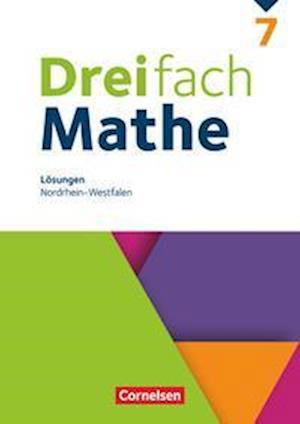 Cover for Cornelsen Verlag GmbH · Dreifach Mathe 7. Schuljahr. Nordrhein-Westfalen - Lösungen zum Schülerbuch (Loose-leaf) (2022)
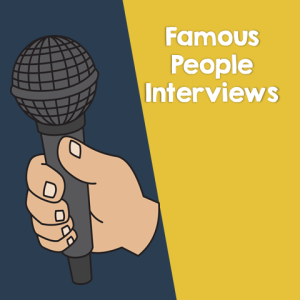 Famous People Interviews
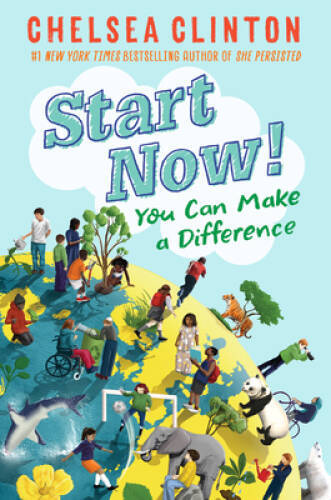 Start Now!: You Can Make a Difference – Hardcover By Clinton, Chelsea – GOOD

WHAT THE EXERCISE ASKS —
The output has to match the data above line for line, except that pictures are dropped.

RESULT BELOW —
 Cover for Cornelsen Verlag GmbH · Dreifach Mathe 7. Schuljahr. Nordrhein-Westfalen - Lösungen zum Schülerbuch (Loose-leaf) (2022)
 Famous People Interviews
 Start Now!: You Can Make a Difference – Hardcover By Clinton, Chelsea – GOOD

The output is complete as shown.